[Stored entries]

__________________________________________________

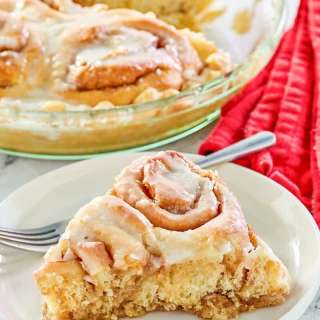 Cracker Barrel Cinnamon Roll Pie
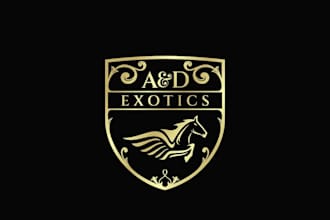 design stunning automotive logo for your car brand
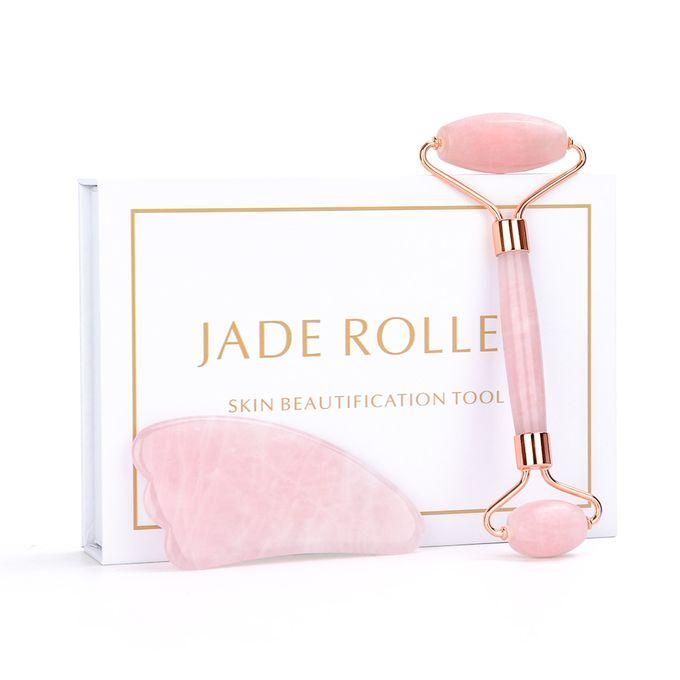 stoner1 Jade Roller & Gua Sha Set – Facial Massager - Image 1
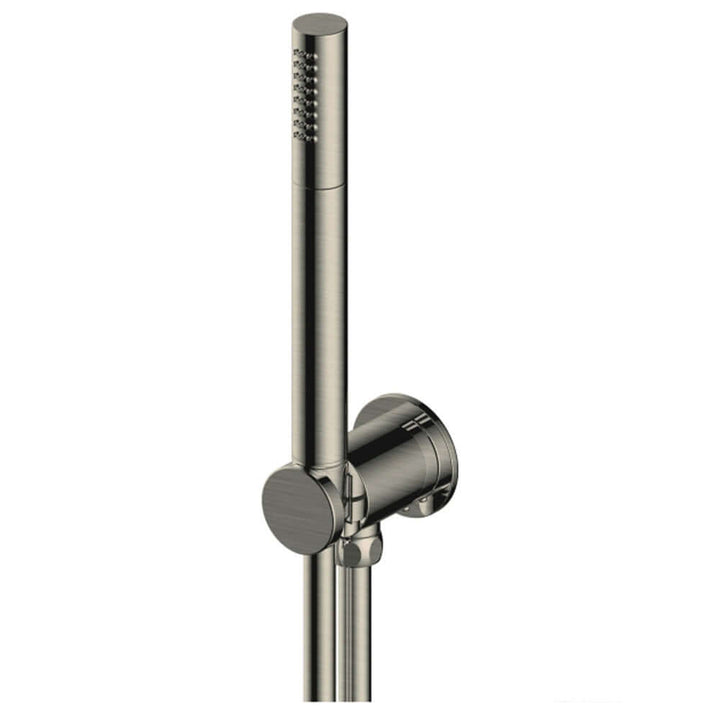 RAK Round Shower Handset with Hose and Bracket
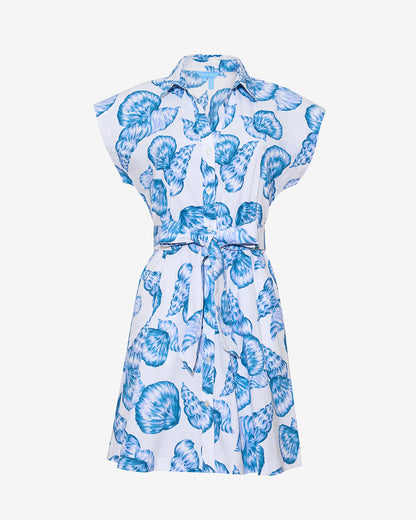 Trisha Shirtdress in Seashells Seashells - Draper James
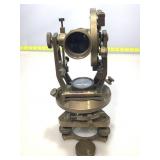 Vintage Brass Transit Theodolite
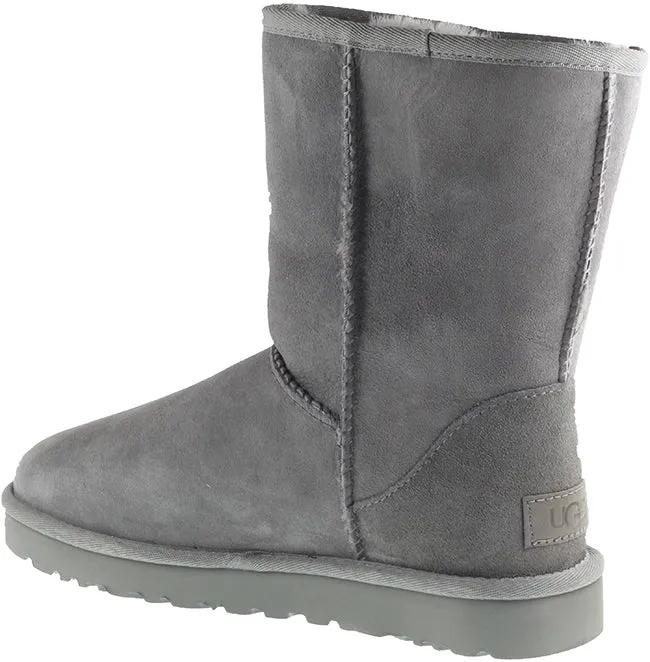 Ugg Boots Womens Classic Short II Grey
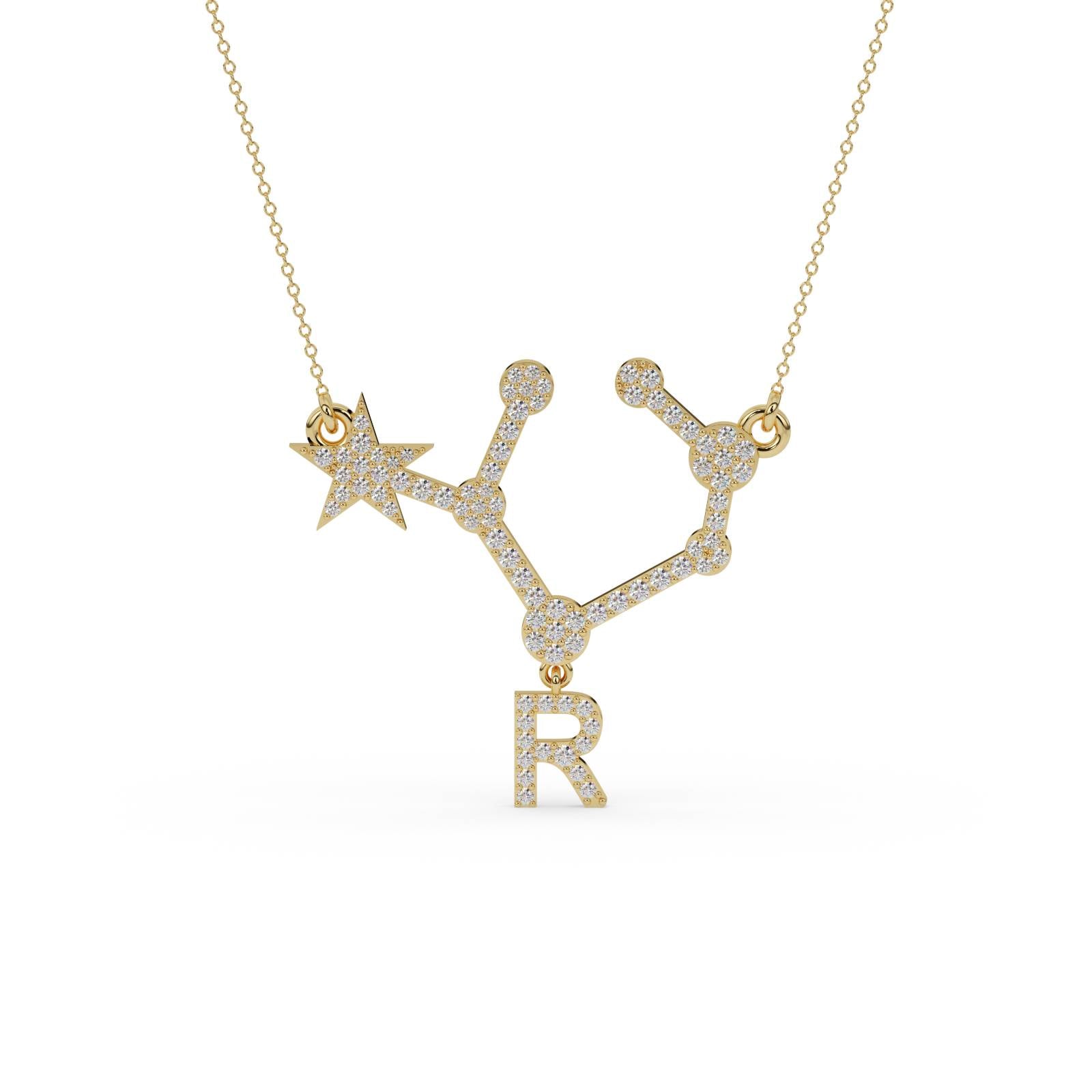 Diamond Designer Pendant WSE229 - View 3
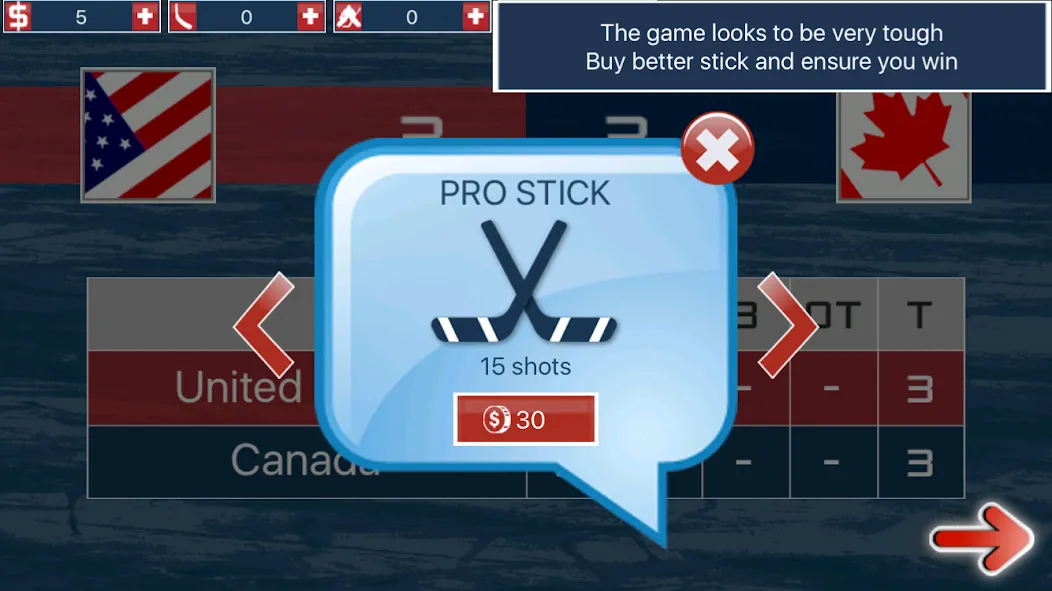 Hockey MVP (Хоккей МВП) МОД/Взлом [Бесконечные деньги, Монеты и Мега MOD] Screenshot 5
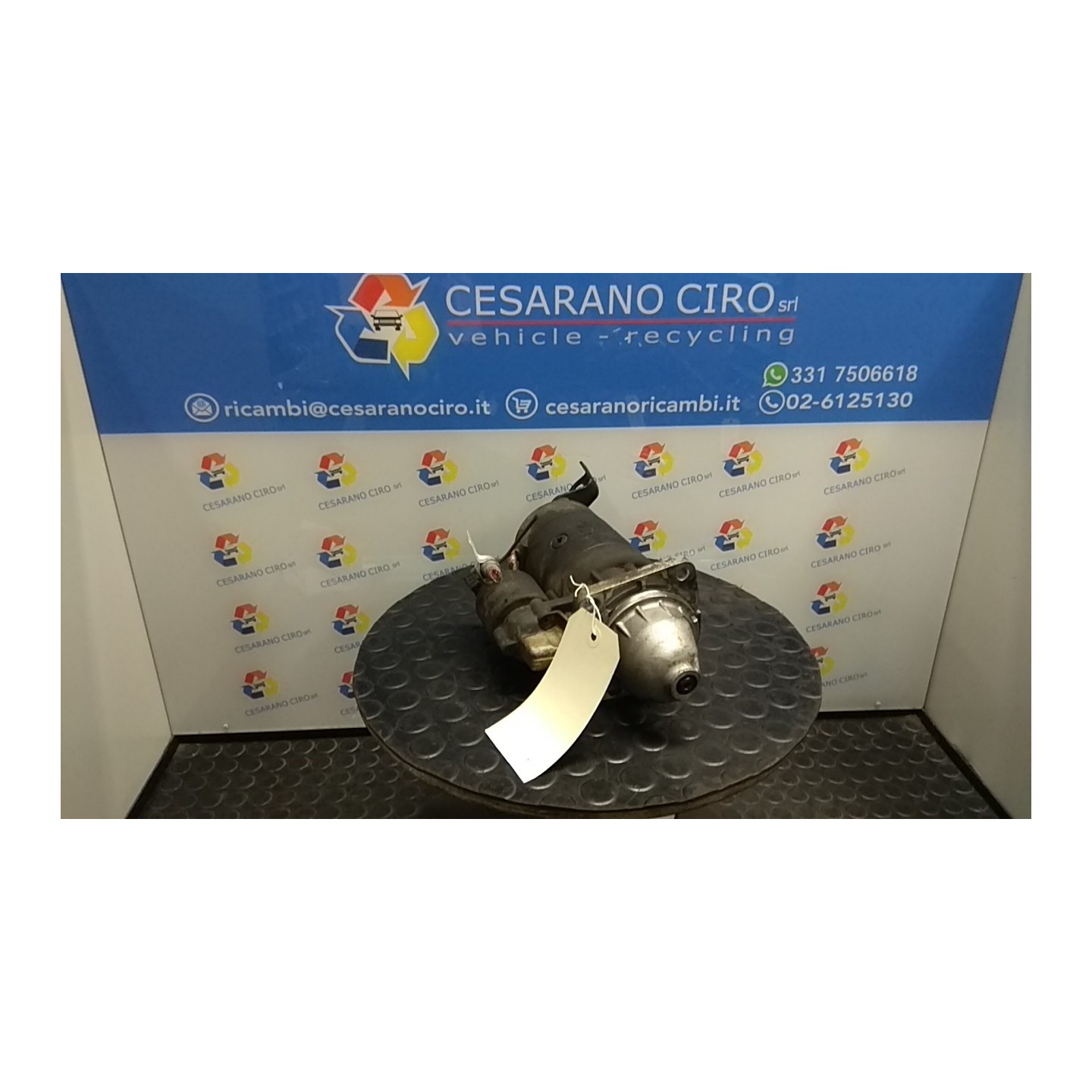 MOTORINO AVVIAMENTO 052 CHRYSLER VOYAGER/GRAND VOYAGER (10/95-1 VM69B KRL042331AA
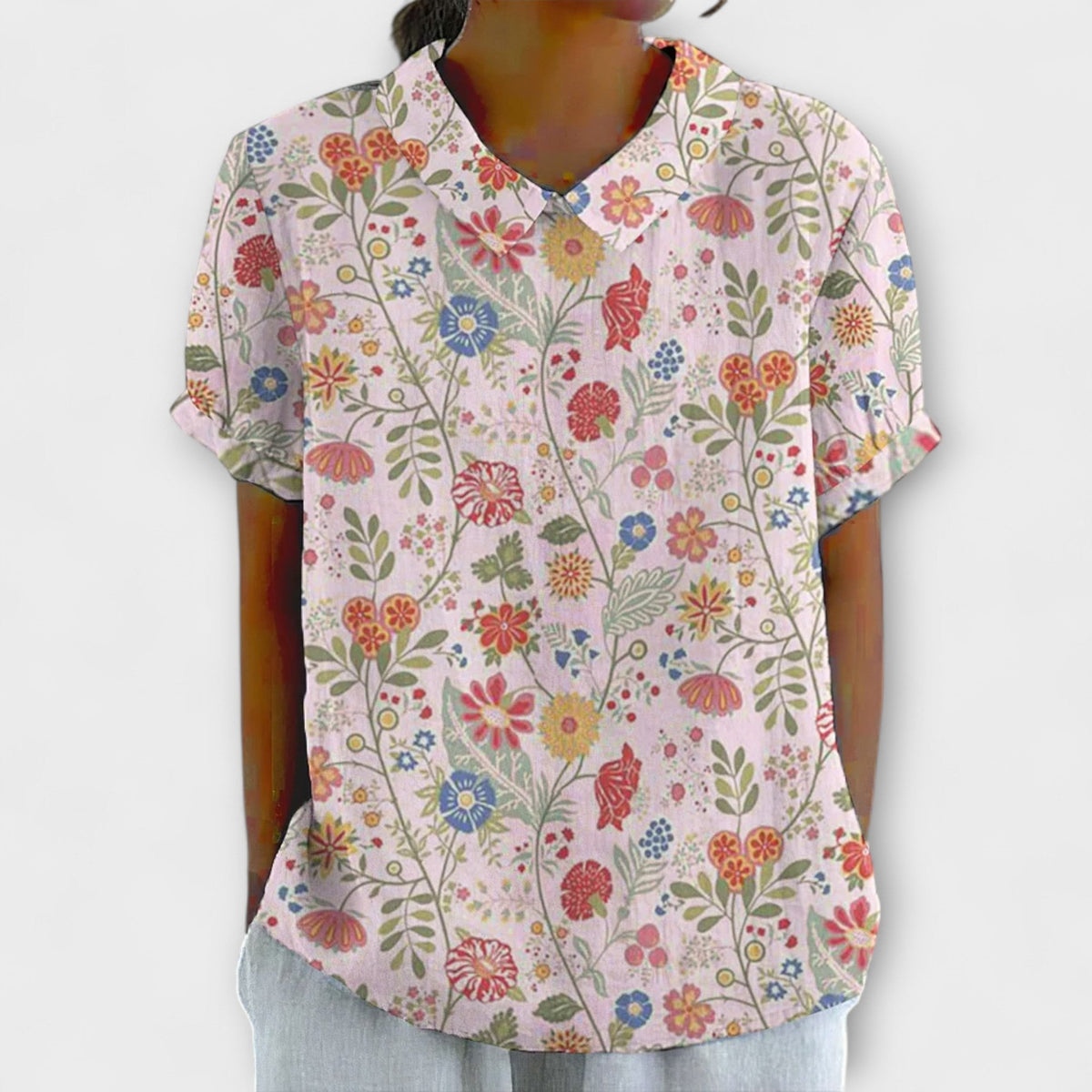 BEATRIZ | Blusa floral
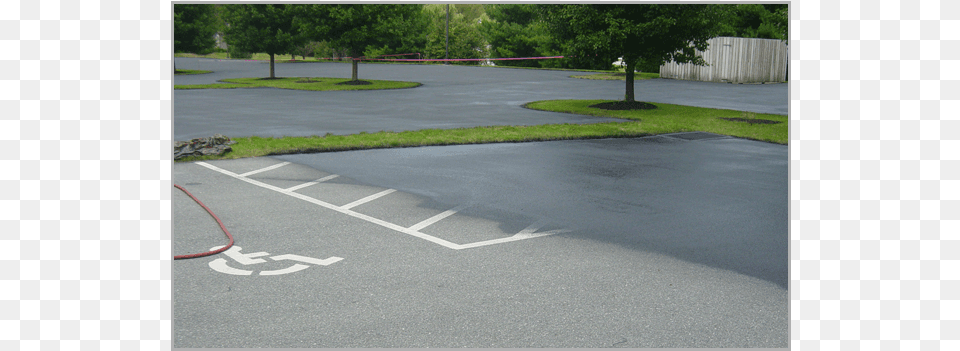 Green Trees With Green Grass Near The Smooth Asphalt Street, Road, Tarmac, Intersection, Outdoors Free Transparent Png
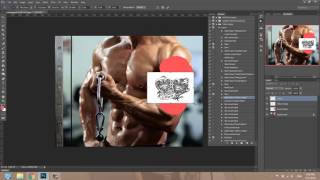 How to use  Tattoo maker PS action screenshot 5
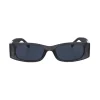 Lentes semiredondos detalle metálico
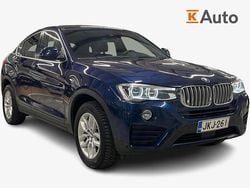 Sininen Käytetty 2017 BMW X4 Katumaasturi | 23 900 € (Perustarjous)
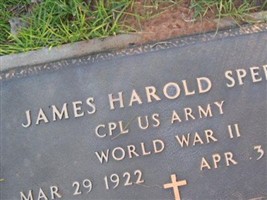 James Harold Speed James Harold Speed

__________________________________________________

Set down the records above exactly as written, beginning with the first line and ending with the line that contains "Hockey MVP (Хоккей", and do not include pictures.

 Cracker Barrel Cinnamon Roll Pie
 design stunning automotive logo for your car brand
 stoner1 Jade Roller & Gua Sha Set – Facial Massager - Image 1
 RAK Round Shower Handset with Hose and Bracket
 Trisha Shirtdress in Seashells Seashells - Draper James
 Vintage Brass Transit Theodolite
 Ugg Boots Womens Classic Short II Grey
 Diamond Designer Pendant WSE229 - View 3
 Hockey MVP (Хоккей МВП) МОД/Взлом [Бесконечные деньги, Монеты и Мега MOD] Screenshot 5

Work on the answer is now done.